According to AAA, the national average for a gallon of regular gas hit $3.80 on Monday. That's up 14 cents from the same time last year.
Still AAA expected about a half-million more people to hit the roads over the holiday weekend.
Travelers in northeast Florida said the money they would normally spend on food and entertainment was going in the tank, meaning fewer stops and more packed lunches instead of restaurants.
The Fightmaster family planned their road trip from Beavercreek, Ohio, to St. Augustine more than a year ago and said rising gas prices have meant a different kind of trip.
"We packed what we're going to eat because it's too expensive to stop," Art Fightmaster said. "In the old days, we'd stop in a lot more restaurants and take a little more sightseeing on the way. It's just too expensive (now)."
Before this year, 2008 held the title for the highest gas prices during any other Labor Day weekend. Back then, Florida and Georgia's state averages were $3.69 and $3.61, respectively.
AAA says supply issues, both domestic and foreign, are behind the jump.
The Hendersons didn't have as long trip as the Fightmasters, driving from Orlando to Savannah, Ga.

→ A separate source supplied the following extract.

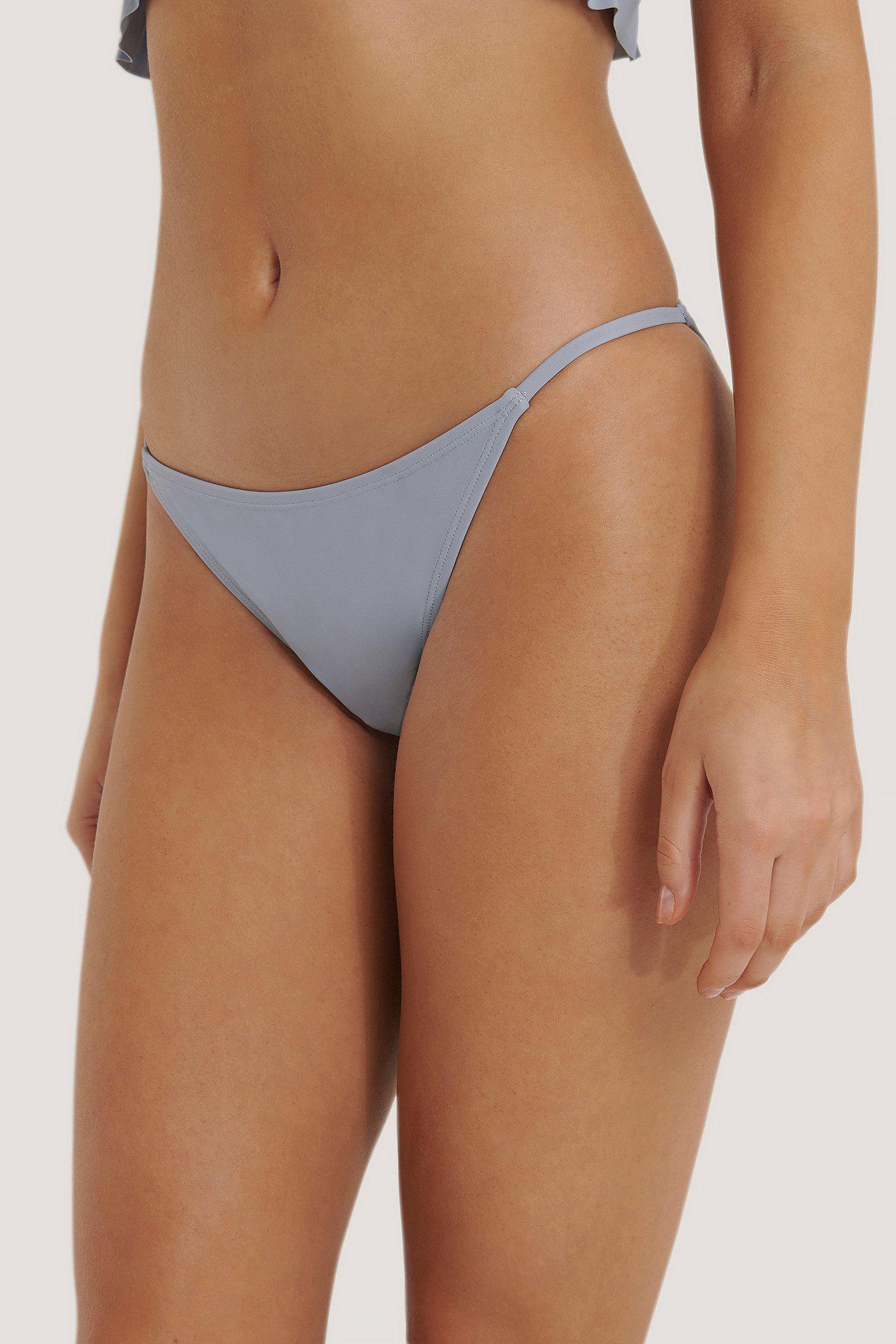 niebieski dół bikini basic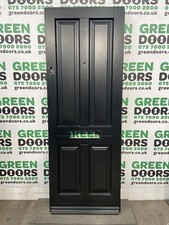 TIMBER WINDOWS FRONT DOOR BESPOKE EXTERNAL EXTERIOR USED BLACK WOODEN WOOD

While they admit it was expensive to fill up, the higher prices didn't keep them off the road.
"When we have plans to go we go," Carolyn Henderson said. "'Cause our daughter-in-law is moving, and we wanted to see her before she left."
AAA says about 28.2 million people would be traveling by car this year despite the rise in gas prices.
Henry Johnson, of Flagler Beach, had a family reunion in Georgia he couldn't miss. But as a disabled veteran on a fixed income, he hopes relief is on the way.
"Something has to be done," Johnson said. "I don't know what it is, I don't know who can do it, but something's got to be done."
There may be something to look forward to when it comes to gas prices. AAA says they typically start to fall after Labor Day. That's when demand goes down and winter-blend fuel production begins.